_AIM OF THE EXERCISE_: Write out the stretch of lines below that begins at the line with "Used 2015 Jeep" and ends at the line with "Aprilpaigee OnlyFans Leaked", including both, exactly as given and nothing more.

_RECORDED DATA_:
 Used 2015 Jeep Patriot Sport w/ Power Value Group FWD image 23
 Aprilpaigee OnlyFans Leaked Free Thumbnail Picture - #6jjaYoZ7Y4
...
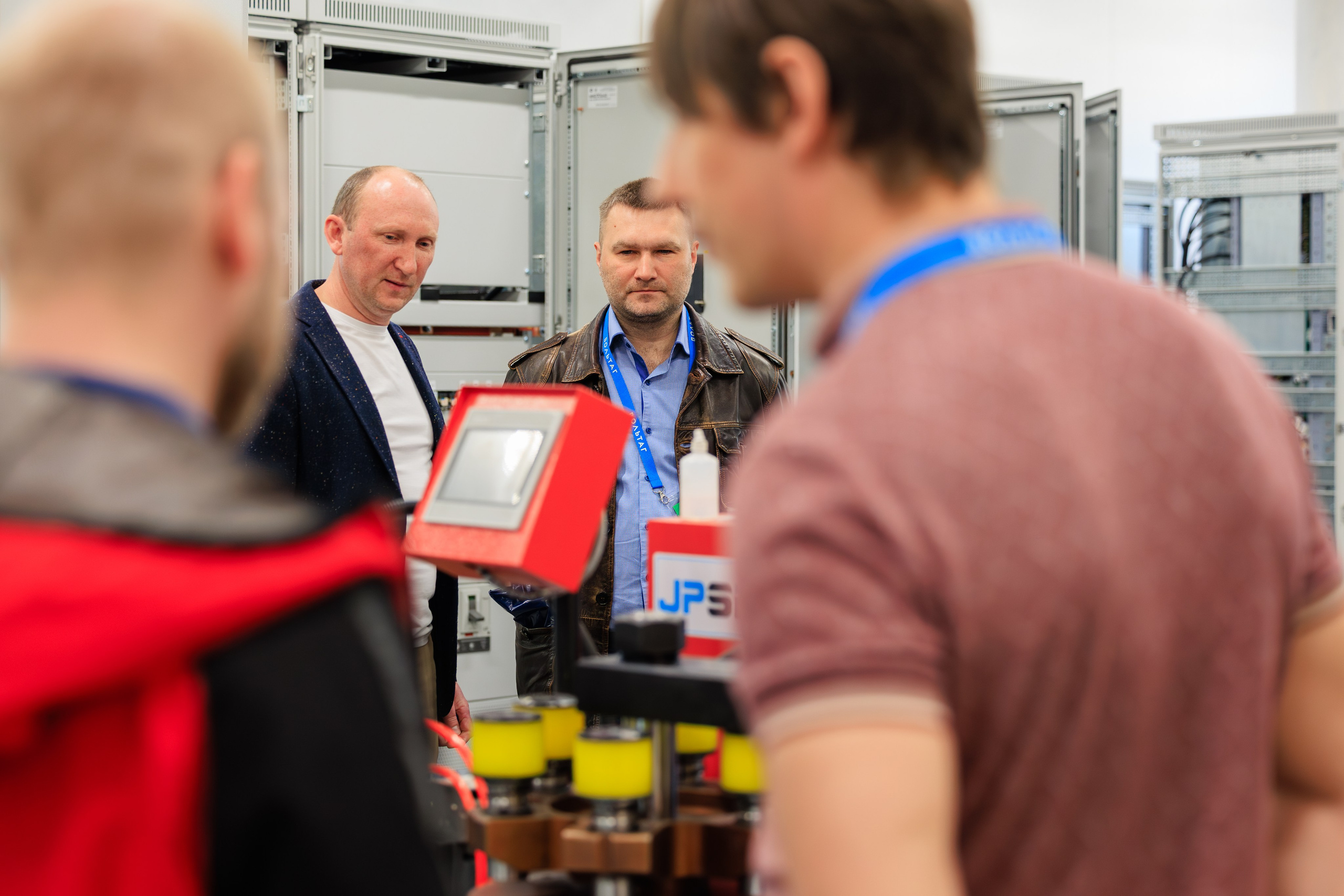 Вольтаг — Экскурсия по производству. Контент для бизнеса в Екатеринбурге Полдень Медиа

_PROBLEM SOLUTION_:
 Used 2015 Jeep Patriot Sport w/ Power Value Group FWD image 23
 Aprilpaigee OnlyFans Leaked Free Thumbnail Picture - #6jjaYoZ7Y4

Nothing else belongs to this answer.